The invention relates to lubricated bearings in general, and more particularly to improvements in lubricated bearing assemblies for use in large centrifugal pumps, valves and many other types of machines. Still more particularly, the invention relates to improvements in bearing assemblies of the type wherein a substantially horizontal shaft carries and drives the rotor of a thrust bearing and the rotor is installed in a housing which receives oil or another liquid lubricant from a lubricant-containing vessel in response to rotation of the shaft.
German Pat. No. 32 03 642 discloses a bearing assembly wherein the luricant-containing vessel is a component part of a cooling unit which is mounted at a level below the rotor of the thrust bearing. A drawback of the patented assembly is that the lubricant in the vessel exchanges heat with a continuously circulated stream of a cooling medium so that the temperature of the lubricant drops below a minimum acceptable value when the machine is idle, i.e., when the lubricant does not receive heat from the rotary parts of the machine. Therefore, such bearing assemblies must be provided with heating units and with complex regulating systems which start the heating units when the temperature of the continuously cooled lubricant drops below the acceptable value. The heating units occupy substantial amounts of space and consume energy to thus increase the operating cost of the patented bearing assemblies.
German Offenlegungsschrift No. 33 19 537 discloses a lubricating system for a shaft bearing which is or is likely to be subjected to pronounced thermal stresses. The housing for the thrust bearing is mounted in and is cooled by the contents of an oil tank. That end portion of the shaft which extends into the housing carries an impeller which draws oil from the tank into the housing when the shaft is driven. The housing is spaced apart from the bottom of the tank so as to provide room for an oil sump. A drawback of this proposal is that the impeller is a separately produced part which occupies space in and thus necessitates the use of a larger housing.

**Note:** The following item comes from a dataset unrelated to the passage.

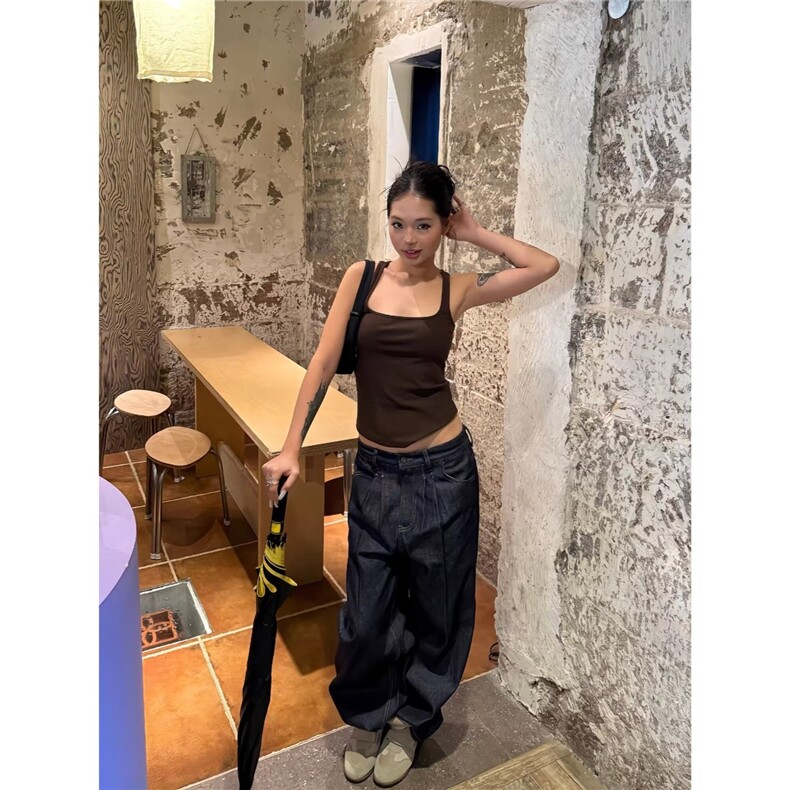 复古vibe风黑色廓形弯刀牛仔裤男款美式阔腿微喇拖地裤直筒裤子潮,男装牛仔裤,星座302B-2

A similar bearing assembly is disclosed in Brochure AT 476/82 ("Glacier Designers' Handbook No. 11") which is published by the firm Glacier, Alperton, Wembley, Middlesex, United Kingdom. A disc-shaped rotor of the thrust bearing is confined in a housing and is mounted at one end of the shaft. The housing is installed in the upper portion of an oil tank and its lower part has two openings which establish communication with the tank and enable a portion of the rotor to dip into the supply of oil so that oil is drawn into the housing and lubricates the thrust bearing when the shaft is set in motion. The peripheral surface of the rotor is surrounded by a ring which is movably mounted in the housing and whose lower portion has two axially parallel channels each of which communicates with two bores extending substantially tangentially of the rotor. One bore serves to admit oil into the respective channel and the other bore discharges oil from the channel. The oil film between the rotor and the ring turns the ring, either clockwise or counterclockwise, and the bores allow for circulation of oil through the respective channels. The ring changes its angular position in response to a change in the direction of rotation of the rotor to thus change the direction of flow of circulated oil. A drawback of this proposal is that the bearing assembly is prone to malfunction in response to penetration of contaminants and/or other foreign objects. The foreign objects can block angular movements of the ring to thus render the lubricating system imoperative.